同じ日に行われた記者会見で、再舗装されたことを尋ねられたハミルトンは「えっ、そうなの? これまでの路面でも全然問題なかったのに……」と、改修されたことを残念がっていた。
ハンガリーの地元メディアによると、今回の改修は3年前に決定していたことだという。
「3年前ここでDTM(ドイツ・ツーリングカー選手権)のテストが行われたんだけど、そのとき路面の一部が剥がれて、テストが中止になった。全面再舗装にはお金がかかるから、とりあえず部分的な補修にとどめて、今年やっと全面再舗装に至った」
昨年までハンガロリンクの路面は、バンピーだっただけでなく、ところどころヒビ割れており、路面状態はシーズンで一、二を争うほど悪かった。1986年の初開催以来、部分的な補修は行われてきたものの、全面的な路面の再舗装が行われたことがなく、今回が31年目にして初めてのことだった。そのためバンピーで滑りやすかったハンガロリンクは、突然スムーズでハイグリップなコースに変貌し、初日はドライバーたちを悩ませた。
初日のフリー走行で常にグリップ不足を嘆いていたバトンも、路面のグリップが高くなったこと自体は歓迎しつつも、とまどいを見せていた。

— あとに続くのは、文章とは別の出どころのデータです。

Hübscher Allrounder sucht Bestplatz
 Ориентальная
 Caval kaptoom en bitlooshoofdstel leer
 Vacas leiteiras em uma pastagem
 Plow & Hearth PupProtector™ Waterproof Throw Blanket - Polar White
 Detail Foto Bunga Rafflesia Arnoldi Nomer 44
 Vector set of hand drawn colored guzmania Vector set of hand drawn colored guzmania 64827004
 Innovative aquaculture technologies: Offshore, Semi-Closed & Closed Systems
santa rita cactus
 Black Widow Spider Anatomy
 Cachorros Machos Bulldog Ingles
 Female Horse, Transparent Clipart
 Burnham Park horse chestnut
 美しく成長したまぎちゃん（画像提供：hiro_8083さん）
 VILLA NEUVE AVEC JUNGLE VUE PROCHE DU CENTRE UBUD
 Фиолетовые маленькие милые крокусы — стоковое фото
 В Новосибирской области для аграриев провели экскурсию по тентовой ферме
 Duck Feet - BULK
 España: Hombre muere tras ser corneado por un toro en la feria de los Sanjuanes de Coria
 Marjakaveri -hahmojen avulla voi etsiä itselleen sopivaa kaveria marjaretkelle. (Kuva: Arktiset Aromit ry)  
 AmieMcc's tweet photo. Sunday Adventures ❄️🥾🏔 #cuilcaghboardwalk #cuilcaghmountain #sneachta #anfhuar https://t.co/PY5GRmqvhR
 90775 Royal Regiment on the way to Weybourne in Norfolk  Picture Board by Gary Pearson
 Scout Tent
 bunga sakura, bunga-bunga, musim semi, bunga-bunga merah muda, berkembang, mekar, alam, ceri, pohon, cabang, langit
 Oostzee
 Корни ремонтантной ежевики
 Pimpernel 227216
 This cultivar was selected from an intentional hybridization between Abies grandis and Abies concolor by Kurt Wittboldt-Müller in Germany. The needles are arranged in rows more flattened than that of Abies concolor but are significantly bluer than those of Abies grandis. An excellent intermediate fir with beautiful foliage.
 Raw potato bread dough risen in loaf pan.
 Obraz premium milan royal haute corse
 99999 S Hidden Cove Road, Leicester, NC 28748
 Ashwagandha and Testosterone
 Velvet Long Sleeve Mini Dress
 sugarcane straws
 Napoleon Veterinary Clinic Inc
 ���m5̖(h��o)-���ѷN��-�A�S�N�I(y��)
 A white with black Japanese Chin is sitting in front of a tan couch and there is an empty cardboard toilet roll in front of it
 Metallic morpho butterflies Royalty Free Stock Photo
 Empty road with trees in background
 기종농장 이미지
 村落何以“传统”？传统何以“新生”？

「グリップは高くなった反面、限界を超えると突然グリップがなくなる。その境界線がわかりづらくて、すごく変な感じだ」
今回ハンガロリンクは路面を再舗装しただけでなく、縁石も全面改修した。その新しい縁石に乗って、フリー走行2回目にスピンを喫したのがハミルトンだった。ハミルトンはクラッシュの原因は新しい路面ではなく、縁石に乗ったことだと言っていたが、同時に新しい路面について依然として不満を漏らしている。
「僕はバンピーなハンガロリンクが好きだった。もちろん運転は簡単じゃない。だからこそチャレンジしがいがあった。その楽しみがなくなったことは寂しいね」
好むと好まざるとに関わらず、ハンガロリンクは生まれ変わった。日曜には新しい舞台でレースが展開される。